Deterministic Finite Automata

Alphabet and strings

Alphabet

Let $\Sigma$ be a finite alphabet. When $\Sigma$ contains $k$ letters, we say $\Sigma$ is a $k$ -letter alphabet. A 1-letter alphabet is a unary alphabet, and a 2-letter alphabet is a binary alphabet. Our typical binary alphabet is $\{a,b\}$ . A finite sequence of symbols from $\Sigma$ is called a string or word.

Strings

Each string $v$ is of the form $\sigma_1 \sigma_2 \ldots \sigma_n,$ where $\sigma_i\in\Sigma$ . The length of $v$ , denoted by $|v|$ , is the number of symbols it has. Thus, $|abb|=3$ , $|baba|=4$ , and $|a|=1$ .

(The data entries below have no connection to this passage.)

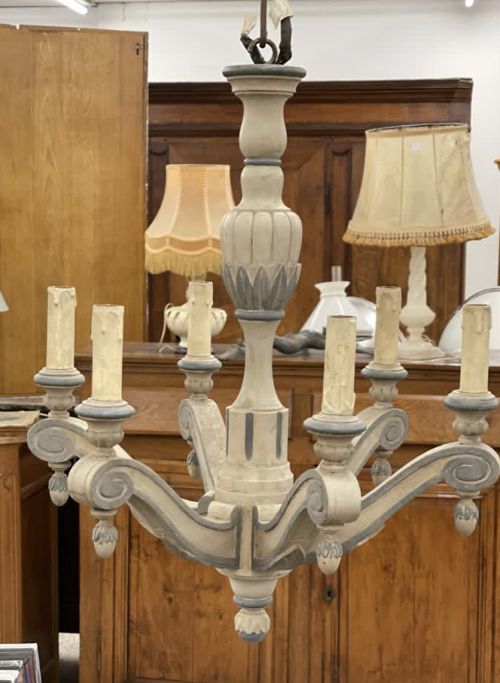 Lovely French Chandelier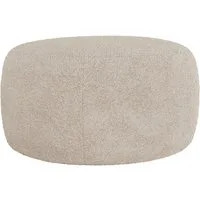 Curve Pouf Nature – L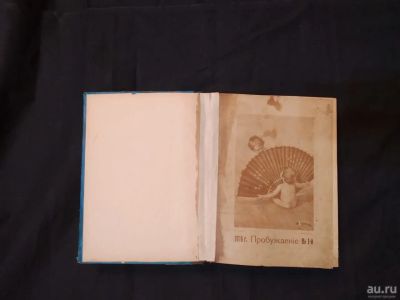 Лот: 14951848. Фото: 1. книга Пробуждение,1916 год. Книги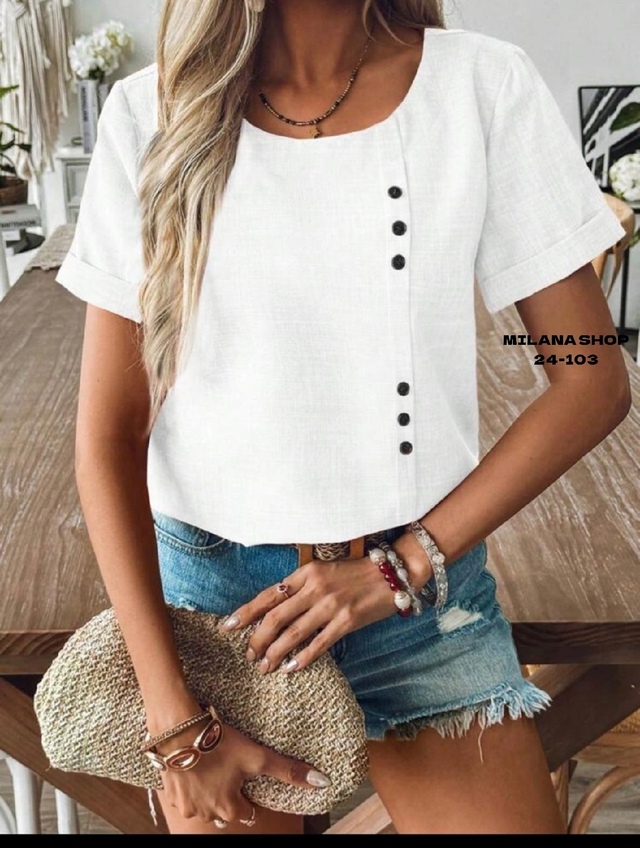 Блузка 22984363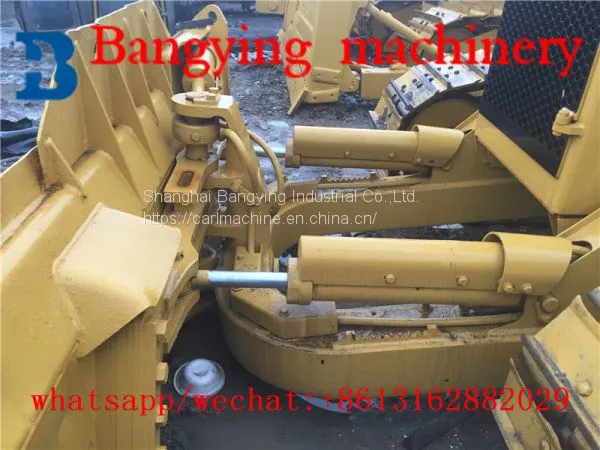 Used CAT D5H Bulldozer photo-4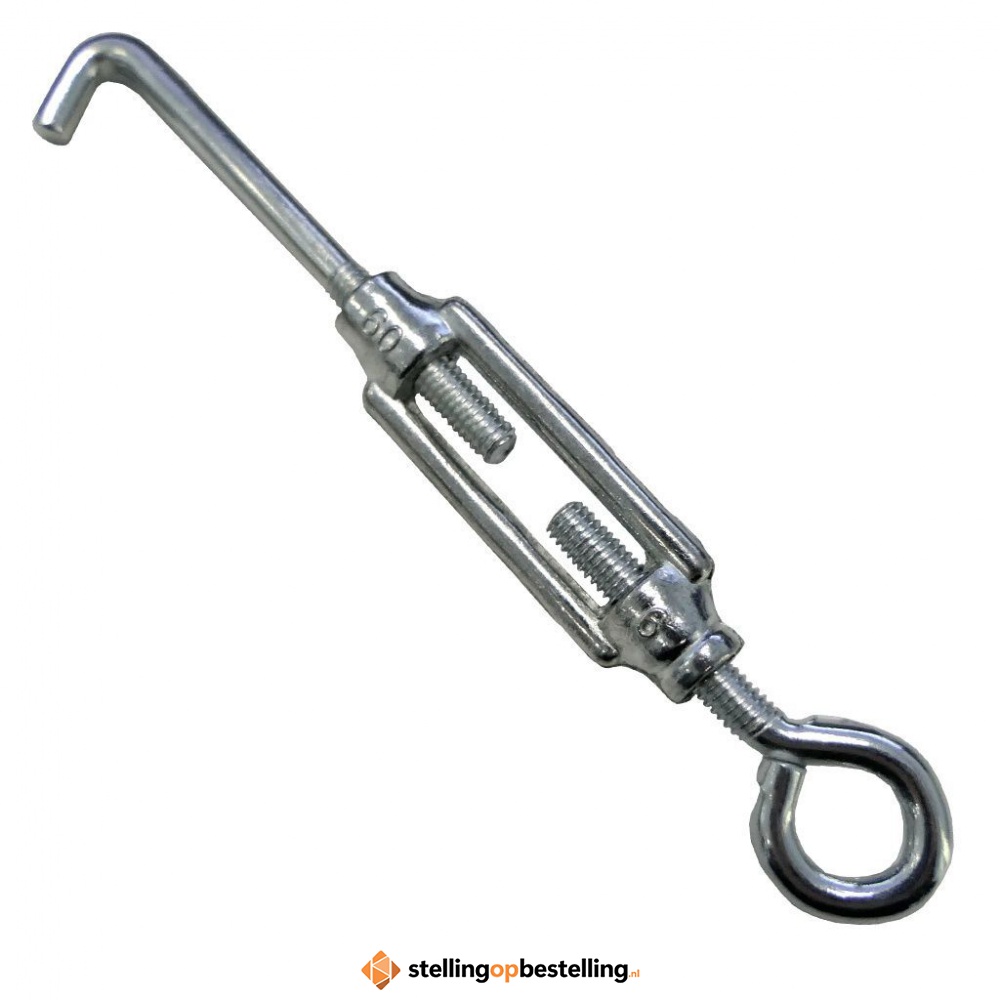 Spanner Heavy Duty legbordstelling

The string of length $0$ is called the empty string. It is denoted $\lambda$ .

There are $k^n$ strings of length $n$ over a $k$ -letter alphabet.

Concatenation operation

The set of all strings over the alphabet $\Sigma$ is

\Sigma^{\star}=\{ \sigma_{1} \sigma_{2} \ldots \sigma_{m} \mid \sigma_{1}, \sigma_{2}, \ldots, \sigma_{m} \in \Sigma, \ m \in \N \}.

We denote strings by the letters $u,v,w, \ldots$ .

The concatenation of $u$ and $v$ is obtained by writing $u$ followed by $v$ . Concatenation is denoted by $u\cdot v$ . We have:

u\cdot (v\cdot w)=(u\cdot v) \cdot w.

Note that for any string $u$ , because $\lambda$ is the empty string, we have $\lambda \cdot u =u\cdot \lambda = u$ .

We sometime write $uv$ , instead of $u\cdot v$ .

Substrings

For a string $u$ we denote by $u^n$ the following string:

u^n=\underbrace{u\cdot u\cdot \ldots \cdot u.}_{n \ \ times}

If a string $w$ occurs in a string $u$ , we say that $w$ is a substring of $u$ . That is, $w$ is a substring of $u$ if $u=u_1wu_2$ for some strings $u_1$ and $u_2$ . One can see that every string $u$ is a substring of itself (take $u_1 = u_2 = \lambda$ ).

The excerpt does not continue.